Chrysler is moving to idle production at six assembly plants this week to manage inventory levels. That includes a planned two-week shutdown at three UAW-represented factories, the company said.
Gettelfinger supported Cerberus' $7.4 billion acquisition of Chrysler from Daimler, which retains a nearly 20% stake in the automaker.
GM and the UAW agreed on the terms of a cost-saving contract on Sept. 28 that would give the largest U.S. automaker the ability to hire almost 17,000 lower-wage workers as higher-cost existing workers take early retirement packages still being hammered out by the two sides.
In a significant departure, the GM deal would shift the obligation for paying for retiree health care to a new trust fund aligned with the union, a concession expected to save GM almost $3 billion annually once it becomes effective.
Although the groundbreaking GM deal was expected to provide a blueprint for the union's talks with both Chrysler and Ford Motor , both of those automakers have expressed concerns about some aspects of the agreement.
One concern is that the health-care trust considered the centerpiece of the GM deal would not begin to produce cash savings for the automaker until 2010.
Under Cerberus, Chrysler has shifted its focus to improving cash flow and has been reviewing a list of assets that could be spun off.
In addition, Chrysler was never granted the same 2005 concessions on retiree health care that the union gave Ford and GM by agreeing to shift some costs to its work force.
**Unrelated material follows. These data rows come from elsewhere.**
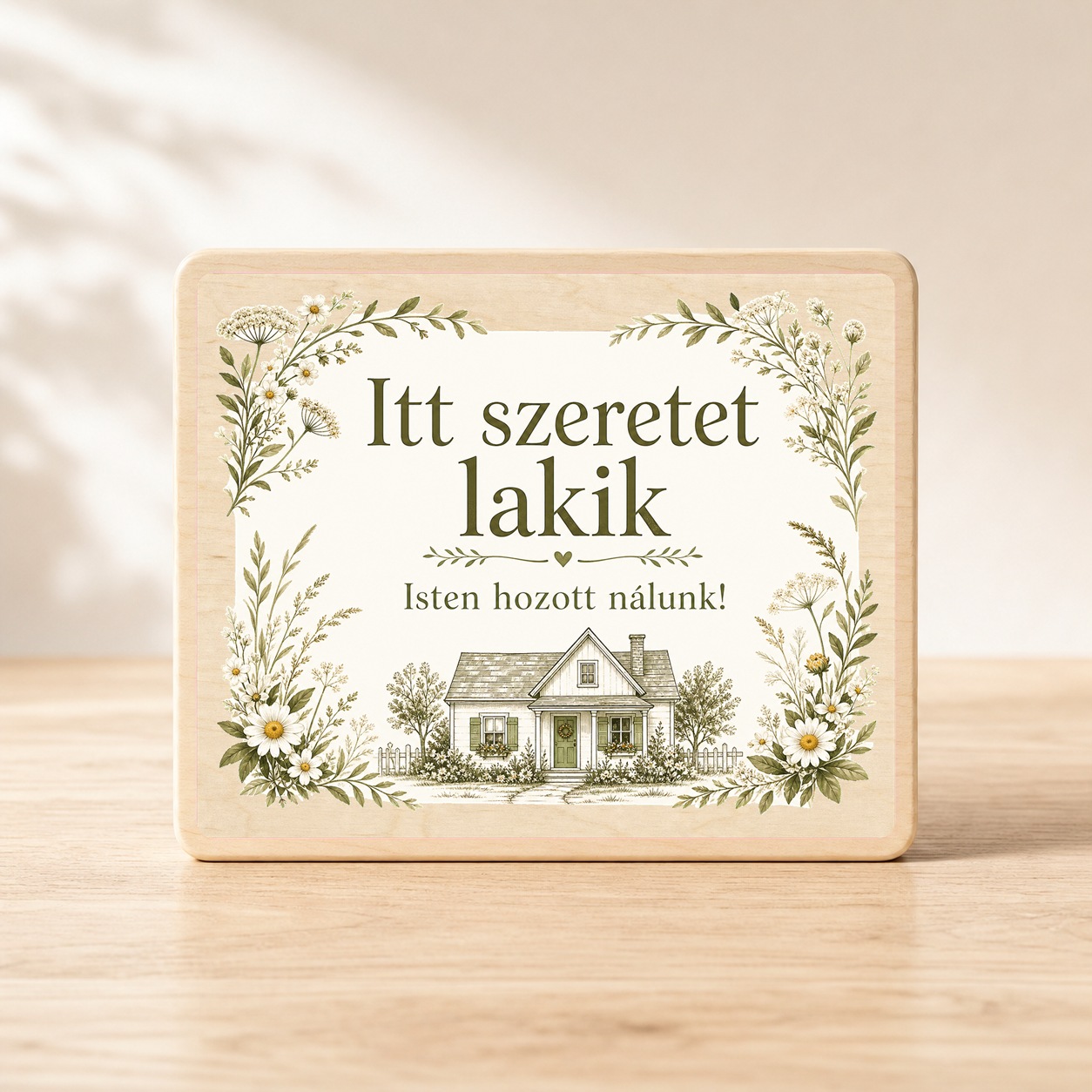 Itt szeretet lakik – Rusztikus ajtótábla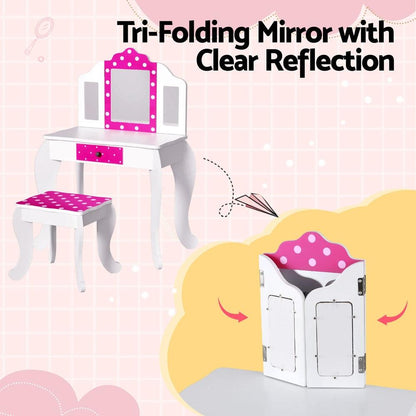 Keezi Kids Dressing Table Vanity Makeup Chair Set Wooden 3 Mirror Drawer Pink.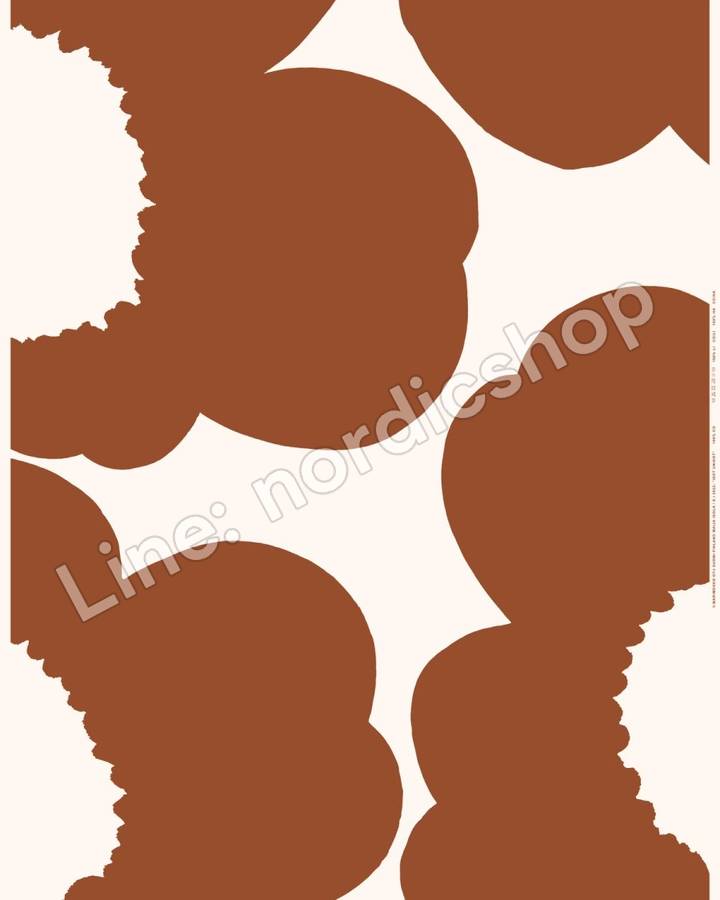 Marimekko Iso Unikko 棉緞布・米白、栗色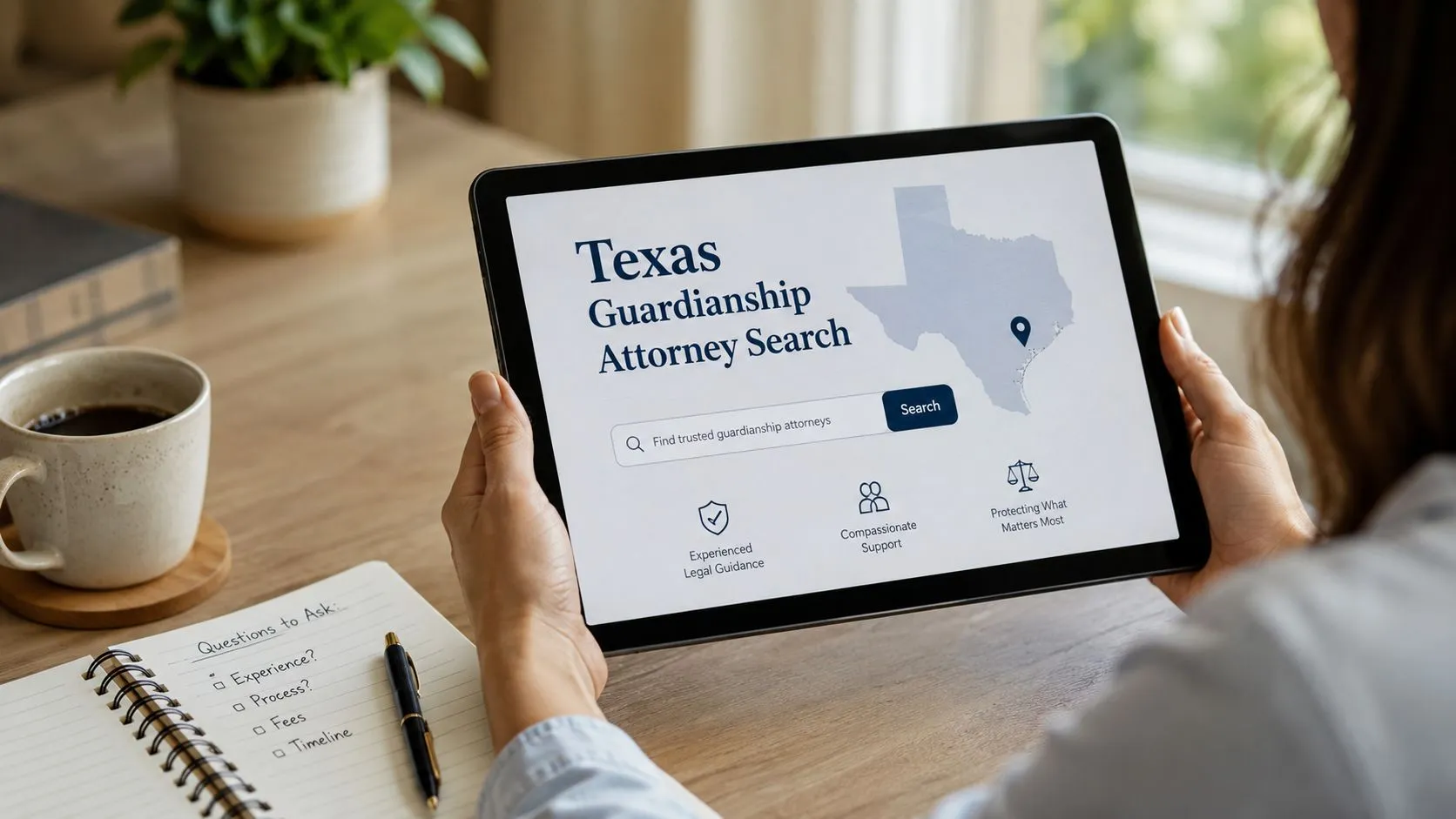 A person holding a tablet showing a Texas guardianship attorney search website while sitting at a desk.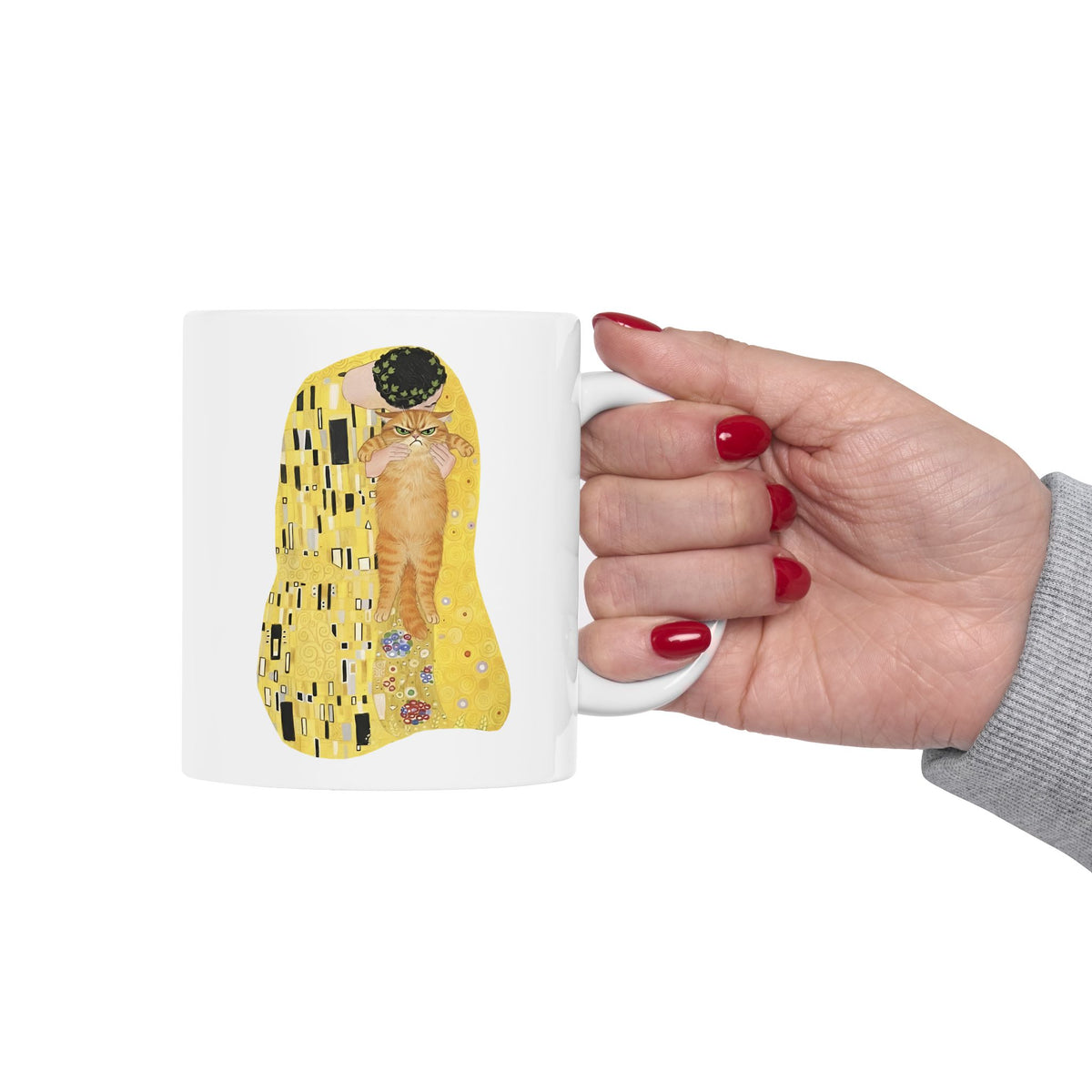 Cat & The Kiss Ceramic Mug — Romantic Cat Illustration Mug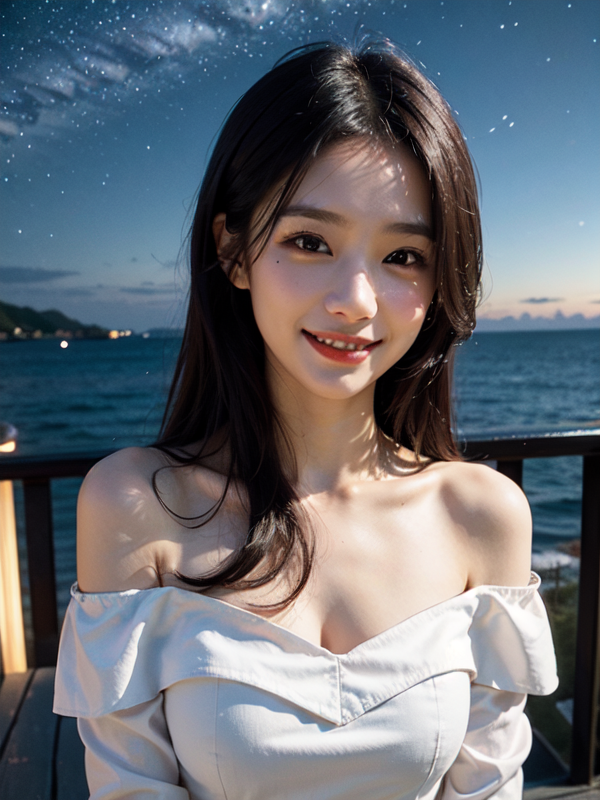 00168-2798560964-Wearing a cheongsam, off the shoulder, long haired and smiling beauty, at night, by the sea, starry sky, with delicate facial fe.png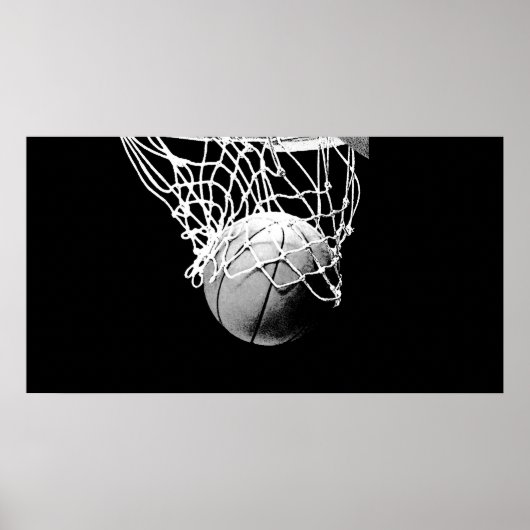Basketball Ball & Net Print Poster (Voorkant)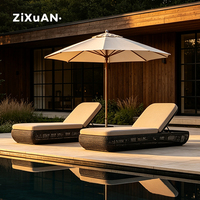 Chaise longue de piscine en aluminium pour jardin et patio, canapé deux places en rotin nordique pour terrasse, bibliothèque et café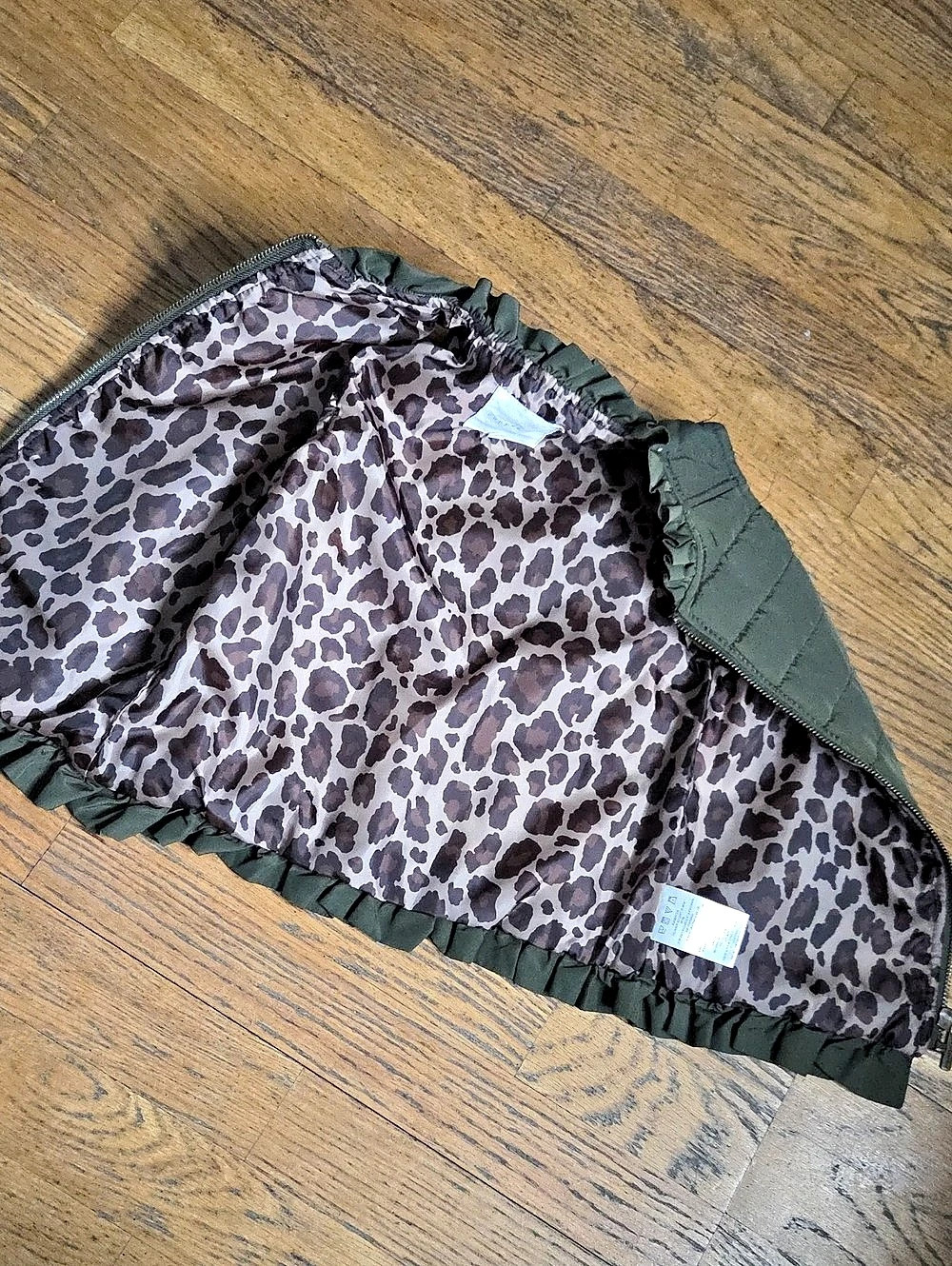 Copper Key Olive Quilted Ruffle Vest - Picture 5 of 5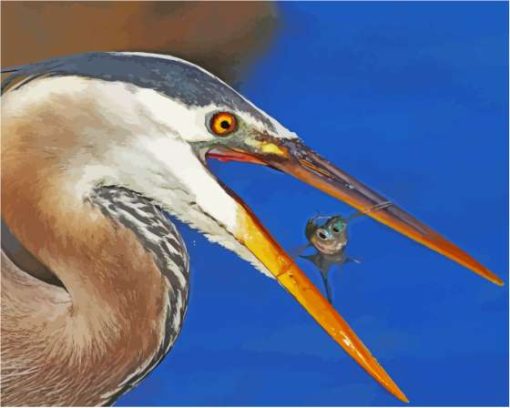 Heron And Fish Animals Diamond Painting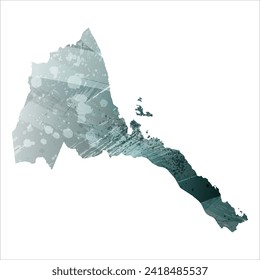 High detailed vector map. Eritrea. Watercolor style. Aspid gray color. Green-gray deep color.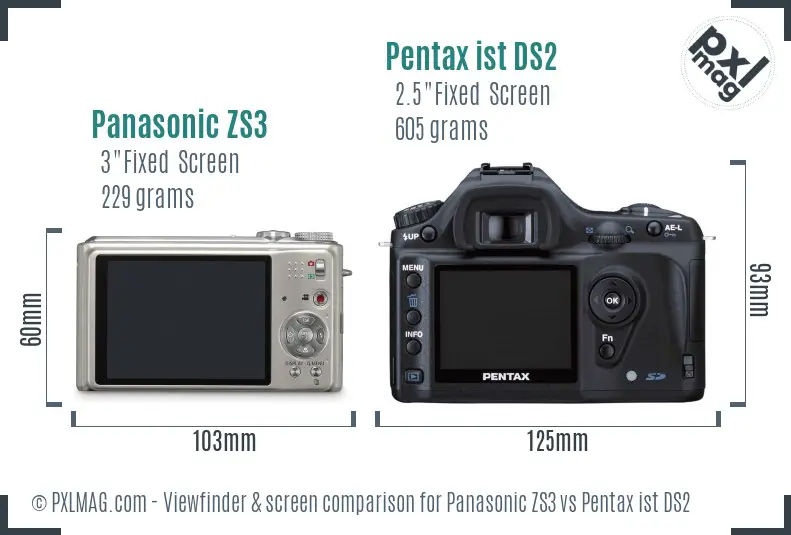 Panasonic ZS3 vs Pentax ist DS2 Screen and Viewfinder comparison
That issue has now been pulled into the UAW negotiations, people familiar with Chrysler's negotiating position have said.
Before talks began, Chrysler made clear that absent concessions to close a wage gap estimated at about $30 per hour between it and Japanese automakers operating in the United States, it would need to shift production out of the country.
Non-Union Workers Get the Axe
Meanwhile, Chrysler said it plans to cut about 1,500 more white-collar jobs than initially planned, a person briefed on the plan said on Tuesday.
Chrysler's current restructuring plan, announced in February at the time it was put up for sale by Daimler, included cuts of 13,000 jobs, including 2,000 salaried jobs, as part of a bid to return to profitability by 2009.
Chrysler now plans to cut the salaried work force by an additional 5 percent and the contract work force by 37 percent, the person said.
Chrysler declined to comment on the job cuts.
A 5 percent additional reduction of salaried workers represent about 500 white-collar jobs, while a 37 percent cut in contract jobs could mean the loss of more than 1,000 such positions.